To answer this challenge from our client, DiMella Shaffer looked at Loft23 through the lens of 21st-century urban living. We leveraged decades of residential design experience to create a building clad in copper and glass that is visually arresting yet practical, representing the client’s vision of an entirely new residential product that respects the university and city context. The building houses 51 loft-style units for lease with high ceilings, floor-to-ceiling windows, and flexible open floor plans; glass ends provide dramatic views of the surrounding parkland.
This project for the final building site in University Park, offered the opportunity to take a step back and look at the development as a whole. The original guidelines had adapted well to changing economic times and shifting programs. However, as we entered phase four, all parties, including the planning board, realized that the red brick had become too dominant, necessitating more variation in the brick color and the addition of glass and metal as façade composition elements. These adjustments enlivened parts of the park, but the main space remained predominately a red brick wall surrounding a green space. Our team's solution was to compliment the brick using a completely different material: pre-patinated copper. With this choice the building has a dialogue with each of the other buildings and also recalls historic buildings in adjacent Central Square.
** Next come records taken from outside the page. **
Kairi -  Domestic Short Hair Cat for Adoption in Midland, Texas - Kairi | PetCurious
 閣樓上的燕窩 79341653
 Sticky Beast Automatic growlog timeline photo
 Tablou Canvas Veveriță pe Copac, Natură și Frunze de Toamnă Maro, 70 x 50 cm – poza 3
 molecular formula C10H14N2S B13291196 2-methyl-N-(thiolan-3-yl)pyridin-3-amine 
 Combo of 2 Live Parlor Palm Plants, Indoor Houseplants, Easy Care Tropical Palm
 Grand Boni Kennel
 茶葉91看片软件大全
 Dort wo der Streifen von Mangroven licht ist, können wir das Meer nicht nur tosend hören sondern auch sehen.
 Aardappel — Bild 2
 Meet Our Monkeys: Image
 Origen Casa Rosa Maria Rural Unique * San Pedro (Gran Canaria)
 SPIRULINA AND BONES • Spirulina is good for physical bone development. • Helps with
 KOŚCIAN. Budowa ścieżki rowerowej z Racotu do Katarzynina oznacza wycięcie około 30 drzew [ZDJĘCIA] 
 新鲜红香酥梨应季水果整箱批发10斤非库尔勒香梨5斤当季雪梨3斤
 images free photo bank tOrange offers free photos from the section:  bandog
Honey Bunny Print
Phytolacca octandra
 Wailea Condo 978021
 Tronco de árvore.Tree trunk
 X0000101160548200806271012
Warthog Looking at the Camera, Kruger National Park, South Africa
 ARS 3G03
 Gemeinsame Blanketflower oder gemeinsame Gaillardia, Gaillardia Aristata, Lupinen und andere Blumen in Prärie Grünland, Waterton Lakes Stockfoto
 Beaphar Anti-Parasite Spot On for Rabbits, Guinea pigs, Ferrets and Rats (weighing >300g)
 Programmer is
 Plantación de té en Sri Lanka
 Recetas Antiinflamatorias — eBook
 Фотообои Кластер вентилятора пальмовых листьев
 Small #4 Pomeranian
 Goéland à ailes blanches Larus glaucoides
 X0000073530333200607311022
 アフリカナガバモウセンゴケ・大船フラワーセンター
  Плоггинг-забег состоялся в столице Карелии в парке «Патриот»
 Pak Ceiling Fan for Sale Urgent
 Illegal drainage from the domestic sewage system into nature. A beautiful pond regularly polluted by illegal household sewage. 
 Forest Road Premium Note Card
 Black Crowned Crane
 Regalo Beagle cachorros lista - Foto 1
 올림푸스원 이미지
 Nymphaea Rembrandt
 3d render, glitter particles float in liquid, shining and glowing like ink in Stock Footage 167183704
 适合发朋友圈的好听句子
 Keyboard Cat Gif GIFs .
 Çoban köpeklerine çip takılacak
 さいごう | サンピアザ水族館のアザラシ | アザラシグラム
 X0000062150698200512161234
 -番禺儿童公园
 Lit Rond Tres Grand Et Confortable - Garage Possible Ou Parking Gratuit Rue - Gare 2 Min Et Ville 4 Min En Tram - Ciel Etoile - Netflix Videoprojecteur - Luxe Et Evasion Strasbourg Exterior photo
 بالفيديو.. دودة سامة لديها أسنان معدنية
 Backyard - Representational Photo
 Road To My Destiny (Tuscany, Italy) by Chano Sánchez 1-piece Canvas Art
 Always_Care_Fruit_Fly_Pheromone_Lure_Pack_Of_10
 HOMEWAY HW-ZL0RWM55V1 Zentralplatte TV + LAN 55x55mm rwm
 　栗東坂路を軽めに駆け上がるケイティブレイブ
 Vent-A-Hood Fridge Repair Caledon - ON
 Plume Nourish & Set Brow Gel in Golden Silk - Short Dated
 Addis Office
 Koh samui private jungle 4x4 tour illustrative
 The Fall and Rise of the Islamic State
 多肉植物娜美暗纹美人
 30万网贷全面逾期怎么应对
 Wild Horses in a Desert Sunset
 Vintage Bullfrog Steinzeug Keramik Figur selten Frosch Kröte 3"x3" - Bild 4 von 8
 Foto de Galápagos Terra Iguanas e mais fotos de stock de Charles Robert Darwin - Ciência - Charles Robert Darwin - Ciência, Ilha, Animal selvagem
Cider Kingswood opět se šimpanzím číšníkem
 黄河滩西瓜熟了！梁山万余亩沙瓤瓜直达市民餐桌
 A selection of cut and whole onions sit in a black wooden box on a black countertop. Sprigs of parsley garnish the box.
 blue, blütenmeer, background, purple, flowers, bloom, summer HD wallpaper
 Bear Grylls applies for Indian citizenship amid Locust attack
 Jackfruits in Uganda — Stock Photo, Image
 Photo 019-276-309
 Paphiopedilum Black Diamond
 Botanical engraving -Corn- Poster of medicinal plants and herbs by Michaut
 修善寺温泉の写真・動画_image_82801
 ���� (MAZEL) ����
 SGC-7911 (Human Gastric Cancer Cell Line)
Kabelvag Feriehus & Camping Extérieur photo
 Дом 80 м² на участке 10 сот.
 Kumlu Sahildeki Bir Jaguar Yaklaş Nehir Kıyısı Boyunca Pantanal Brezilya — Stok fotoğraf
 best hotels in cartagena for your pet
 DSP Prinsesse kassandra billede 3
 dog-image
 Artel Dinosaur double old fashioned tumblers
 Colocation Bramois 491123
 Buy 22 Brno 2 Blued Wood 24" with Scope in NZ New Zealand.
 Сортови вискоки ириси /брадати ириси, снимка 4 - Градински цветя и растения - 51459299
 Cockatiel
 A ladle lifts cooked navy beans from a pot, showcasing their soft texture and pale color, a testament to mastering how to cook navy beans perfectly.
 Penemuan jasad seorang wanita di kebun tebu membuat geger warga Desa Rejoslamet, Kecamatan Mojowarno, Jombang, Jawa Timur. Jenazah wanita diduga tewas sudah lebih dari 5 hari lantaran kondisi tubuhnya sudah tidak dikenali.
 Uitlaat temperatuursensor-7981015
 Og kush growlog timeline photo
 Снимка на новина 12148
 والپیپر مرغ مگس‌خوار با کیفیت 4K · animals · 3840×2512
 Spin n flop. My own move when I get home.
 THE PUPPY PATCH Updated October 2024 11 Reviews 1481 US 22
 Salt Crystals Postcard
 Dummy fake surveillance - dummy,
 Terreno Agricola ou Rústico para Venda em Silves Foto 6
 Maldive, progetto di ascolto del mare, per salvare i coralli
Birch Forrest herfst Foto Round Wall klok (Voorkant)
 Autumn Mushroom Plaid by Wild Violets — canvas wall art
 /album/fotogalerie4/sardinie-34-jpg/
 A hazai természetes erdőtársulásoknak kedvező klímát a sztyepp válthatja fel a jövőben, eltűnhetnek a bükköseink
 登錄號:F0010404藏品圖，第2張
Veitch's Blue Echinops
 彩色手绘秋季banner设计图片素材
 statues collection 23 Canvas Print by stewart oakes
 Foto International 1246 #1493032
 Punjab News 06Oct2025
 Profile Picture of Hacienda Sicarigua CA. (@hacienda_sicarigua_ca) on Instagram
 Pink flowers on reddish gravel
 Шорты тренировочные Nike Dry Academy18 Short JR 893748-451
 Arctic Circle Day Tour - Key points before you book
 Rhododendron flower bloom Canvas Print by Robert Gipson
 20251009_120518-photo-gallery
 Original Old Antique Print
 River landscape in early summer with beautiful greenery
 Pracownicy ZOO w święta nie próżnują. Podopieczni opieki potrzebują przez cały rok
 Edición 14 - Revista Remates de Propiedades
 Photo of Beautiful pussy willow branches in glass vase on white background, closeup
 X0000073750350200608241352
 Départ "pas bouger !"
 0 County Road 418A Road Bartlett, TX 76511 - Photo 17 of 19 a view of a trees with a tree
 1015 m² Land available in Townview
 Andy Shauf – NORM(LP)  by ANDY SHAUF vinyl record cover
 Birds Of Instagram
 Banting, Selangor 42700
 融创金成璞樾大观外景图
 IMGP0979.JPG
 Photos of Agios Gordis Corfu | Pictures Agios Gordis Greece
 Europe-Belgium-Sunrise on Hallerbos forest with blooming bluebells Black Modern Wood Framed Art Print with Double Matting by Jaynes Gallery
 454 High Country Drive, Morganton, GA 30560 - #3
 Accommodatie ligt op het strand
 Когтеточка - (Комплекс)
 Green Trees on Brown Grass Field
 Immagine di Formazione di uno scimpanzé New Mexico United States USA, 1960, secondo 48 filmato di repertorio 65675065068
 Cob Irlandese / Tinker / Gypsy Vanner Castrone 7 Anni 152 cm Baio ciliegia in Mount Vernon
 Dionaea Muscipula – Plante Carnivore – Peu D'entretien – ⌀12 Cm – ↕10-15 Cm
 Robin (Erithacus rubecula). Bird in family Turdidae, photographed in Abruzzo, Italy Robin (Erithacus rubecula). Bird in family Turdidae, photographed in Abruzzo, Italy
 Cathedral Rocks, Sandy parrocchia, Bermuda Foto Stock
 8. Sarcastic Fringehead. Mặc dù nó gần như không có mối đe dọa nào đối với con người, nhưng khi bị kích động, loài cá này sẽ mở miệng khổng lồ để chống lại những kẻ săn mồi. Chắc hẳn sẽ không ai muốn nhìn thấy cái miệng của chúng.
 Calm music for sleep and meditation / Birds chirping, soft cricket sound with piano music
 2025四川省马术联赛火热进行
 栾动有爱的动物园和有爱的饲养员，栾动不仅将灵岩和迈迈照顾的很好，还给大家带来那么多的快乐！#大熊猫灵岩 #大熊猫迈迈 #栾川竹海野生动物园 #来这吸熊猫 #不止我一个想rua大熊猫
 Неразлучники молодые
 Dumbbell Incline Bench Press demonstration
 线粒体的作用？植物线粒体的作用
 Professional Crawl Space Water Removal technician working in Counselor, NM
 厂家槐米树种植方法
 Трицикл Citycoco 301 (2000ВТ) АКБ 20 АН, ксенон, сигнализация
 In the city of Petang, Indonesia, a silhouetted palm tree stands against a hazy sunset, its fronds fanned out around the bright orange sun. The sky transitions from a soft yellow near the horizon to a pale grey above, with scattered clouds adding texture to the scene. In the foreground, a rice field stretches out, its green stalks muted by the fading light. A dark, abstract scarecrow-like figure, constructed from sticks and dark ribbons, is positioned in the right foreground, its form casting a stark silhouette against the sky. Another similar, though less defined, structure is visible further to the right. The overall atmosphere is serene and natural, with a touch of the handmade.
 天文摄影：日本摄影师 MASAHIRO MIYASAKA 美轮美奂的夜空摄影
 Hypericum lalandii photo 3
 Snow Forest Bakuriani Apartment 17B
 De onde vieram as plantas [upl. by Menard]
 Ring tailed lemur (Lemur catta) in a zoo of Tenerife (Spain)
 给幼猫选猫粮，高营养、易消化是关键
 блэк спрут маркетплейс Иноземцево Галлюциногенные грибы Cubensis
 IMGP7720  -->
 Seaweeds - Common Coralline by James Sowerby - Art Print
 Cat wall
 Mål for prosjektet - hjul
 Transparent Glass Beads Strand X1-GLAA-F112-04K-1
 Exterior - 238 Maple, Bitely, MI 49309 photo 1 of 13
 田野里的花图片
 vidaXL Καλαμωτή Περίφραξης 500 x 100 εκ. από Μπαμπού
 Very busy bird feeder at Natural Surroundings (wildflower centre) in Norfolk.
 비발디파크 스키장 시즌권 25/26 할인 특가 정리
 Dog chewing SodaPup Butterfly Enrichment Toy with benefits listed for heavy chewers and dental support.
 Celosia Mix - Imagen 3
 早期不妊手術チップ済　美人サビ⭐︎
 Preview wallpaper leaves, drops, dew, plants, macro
From the standpoint of sustainability, the copper is 95% recycled, complimenting the building's vegetated roof and reduced interior finishes.
Ultimately, the building expresses itself as unabashedly modern with full glass facades overlooking two urban green spaces and copper-clad walls serving as a curtain that reduces the views into existing residential and hotel buildings on the other two sides. Walls are shingled in a running bond pattern and follow the façade guidelines for important streets such as Sidney without being literal. This building takes the approach of utter simplicity in plan and form to achieve a richness of materials that will age well and provide the client with a durable and easy to maintain exterior.